Welcome to UCSDCourseSearch!
Created by Misa Franknedy and Tony Ta
Introduction
The UCSDCourseSearch project enables UCSD students to search for courses more conveniently. Our search engine improves on UCSD’s WebReg search function, which is limited to only finding exact matches from an user’s search query in course titles, using semantic search, a search technique that aims to understand the meaning and context of search queries to provide more relevant search results. This means that students no longer need to know the exact course name in order to search for it. Our search tool is able to understand the intent of the user’s search queries and finds the most similar courses to them.
How It Works
Our search engine uses the UCSD course catalog, which contains 7,169 courses across 173 departments, as its primary dataset and parses through these courses during the search process. Specifically, the course titles and descriptions are the documents that are being searched through.
Using the FlagModel BAAI/bge-small-en-v1.5 embedding model, the course titles and descriptions are embedded separately to create 2 sets of embeddings. These embeddings are numerical multi-dimensional vectors that represent the course titles and descriptions. The closer the distance between two vectors are to each other, the more similar they are.
The search process begins by processing the user’s query along with other search parameters, such as filters and the desired number of results. Based on the user-specified filter criteria (i.e. the user specifies they want to search for courses only in the DSC department), irrelevant courses are discarded from the search process. The query is then embedded using the same FlagModel that is used to embed the course titles and descriptions.
To find the most relevant courses to the query, the search function employs cosine similarity between the query’s embedding and the embeddings of the course title and description, separately. For each course, the similarity scores from the title and description are assigned weights and aggregated to calculate a final similarity score, with titles receiving a greater emphasis.
The final step involves returning and displaying the results on our website, with the quantity of displayed results being determined by the user’s initial selection of the number of outcomes desired.

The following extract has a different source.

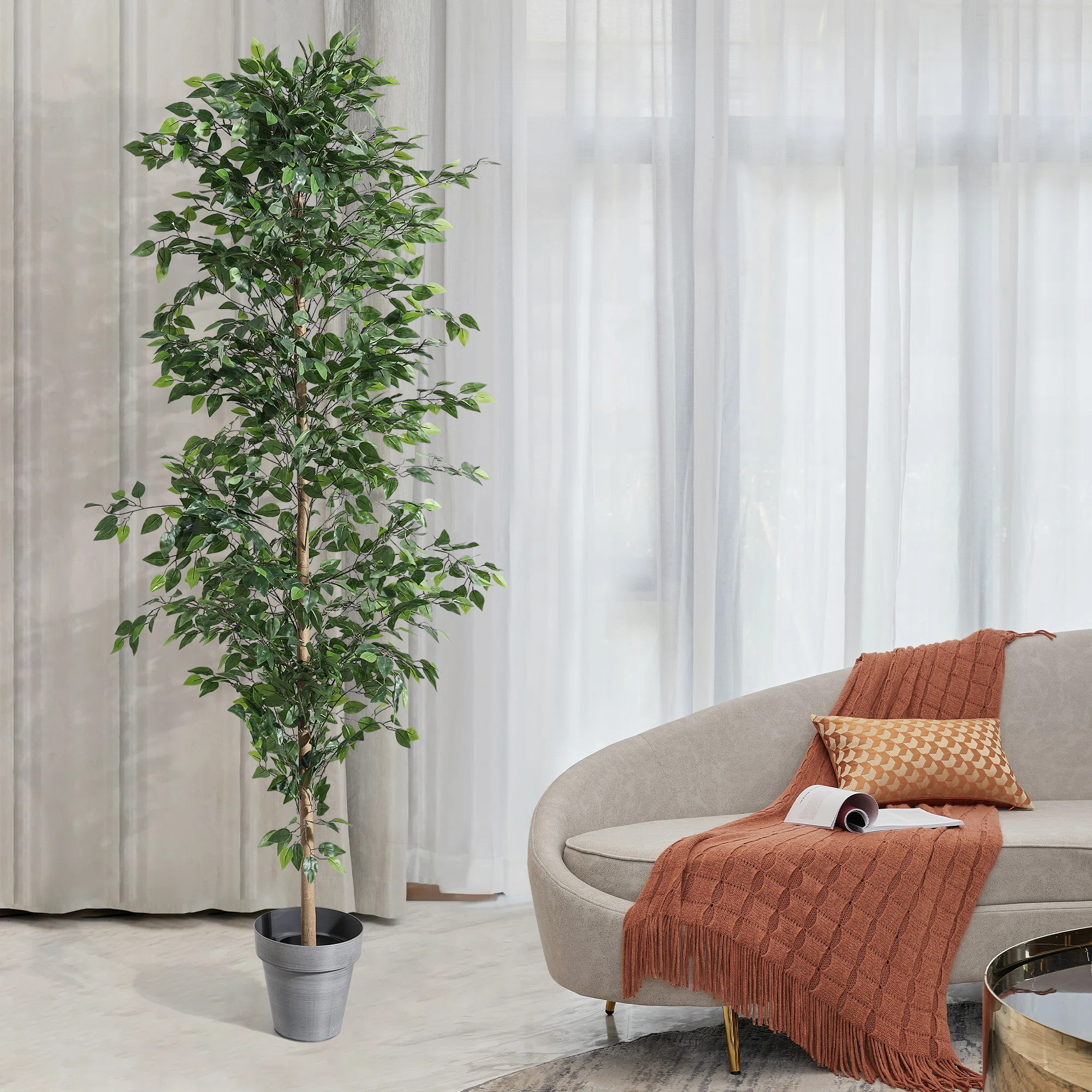 96'' Faux  Ficus Tree KD version | Wayfair North America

Evaluating our Search Engine & What it Means
To evaluate our search, we created a baseline search engine using ElasticSearch. This search engine doesn’t employ semantic search, but instead uses a traditional keyword search. We also found another search function called TritonSearch made by a fellow UCSD student. We decided to compare the results of our search engine to both our baseline model and TritonSearch by using the search results of 145 queries to compute the mean reciprocal rank (MRR), normalized discounted cummulative gain (NDCG), and zero result rate (ZRR), which is the proportion of searches that yielded zero results, of all three search engines. The 145 queries used in our evaluation are sourced from the first 145 unique queries that UCSD students used since the website’s launch.

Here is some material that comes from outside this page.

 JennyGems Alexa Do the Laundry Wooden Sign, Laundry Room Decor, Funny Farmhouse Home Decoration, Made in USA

Our Search | Baseline | TritonSearch | |
---|---|---|---|
MRR | 0.9690 | 0.9345 | 0.7241 |
NDCG | 0.9684 | 0.9404 | 0.7265 |
ZRR | 0.0207 | 0.0219 | 0.2690 |
Our semantic search engine produced the best results in all three of the measured evaluation metrics when compared to the other search engines. The high MRR and NDCG scores show that our search engine generally ranked the most relevant results at the top of the list, while the low ZRR shows that our search engine displayed relevant results for the majority of the queries in our test set. Overall, this shows that our search tool is capable of producing highly relevant results and is proficient at matching the correct courses to user queries.